In lieu of signatures, the anonymous writers—which included journalists, poets, and painters—provided photographs of themselves holding up signs that named their occupations in order to shield their identities.

“Many artists, cultural workers and journalists are in the gravest danger at Taliban hands and are stranded in Afghanistan,” they wrote. “There is no future for them in a Taliban-controlled Afghanistan. Instant death will be the inevitable result of defiance and to remain is to be forced to forswear our working vocations.”
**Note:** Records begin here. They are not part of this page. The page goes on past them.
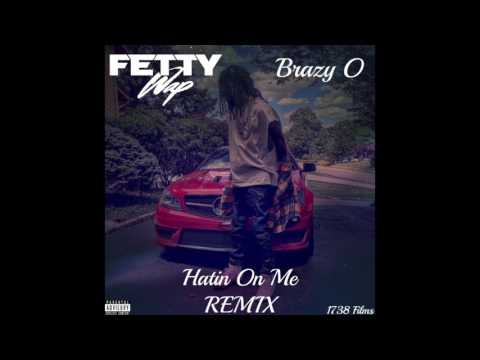 Fetty Wap Ft. Brazy O - Hatin On Me 🔥(REMIX 2017)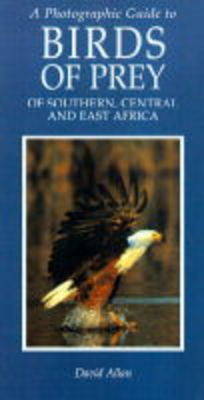 Cover of Photographic Guide to Birds of Prey of South, Central and East Africa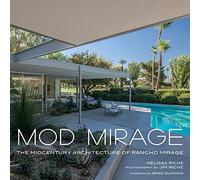 Mod Mirage: The Midcentury Architecture of Rancho Mirage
Since August, amid the withdrawal of NATO and U.S. forces from Afghanistan, Artists at Risk has been advocating for the evacuation of Afghan cultural workers, calling on international governments to assist in relocating them to safety. Ivor Stodolsky, AR’s cofounder, told the Art Newspaper that governments have slowed evacuation efforts despite many lives still being at risk. Stodolsky said that this task has “almost exclusively” fallen to the relatives of those seeking refuge, activists, and nonprofits.
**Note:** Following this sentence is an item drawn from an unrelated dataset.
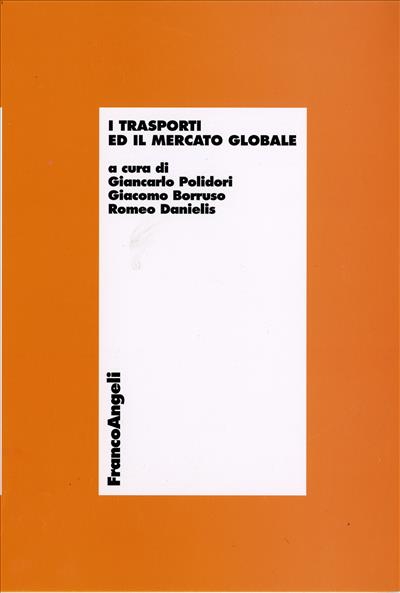 I trasporti ed il mercato globale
In August, the U.K. government announced a scheme termed the Afghan Citizens Resettlement Scheme, which promised aid to refugees, but that program has yet to launch. The relocation of Afghan citizens via a U.S.-backed effort has similarly been delayed, with Afghan refugees subject to a minimum 14-month waiting period in an interim country before being eligible to relocate to the U.S. Early efforts by Germany and France to undertake similar measures that gained momentum in the weeks following the Taliban takeover, have since slowed.

Meanwhile, the Taliban have targeted journalists and cultural figures who have been been vocal in their criticism of the militant group. In August, members of the extremist group shot poet and historian Abdullah Atefi in the country’s southern Uruzgan province. Other high-profile cultural leaders from Afghanistan have managed to flee to safety in Europe. CCAA Centre for Contemporary Arts Afghanistan curator Abdul Wasi Rahraw Omarzad who founded Gahnama-e-Hunar, the country’s only arts publication, fled to Turin with the aid of the Italian government.

The signatories urged foreign countries to send help quickly because of the possibility of future tragedy. Acknowledging the dire perils the country now faces, including famine and pending economic collapse, the authors continued, “A dark future awaits.”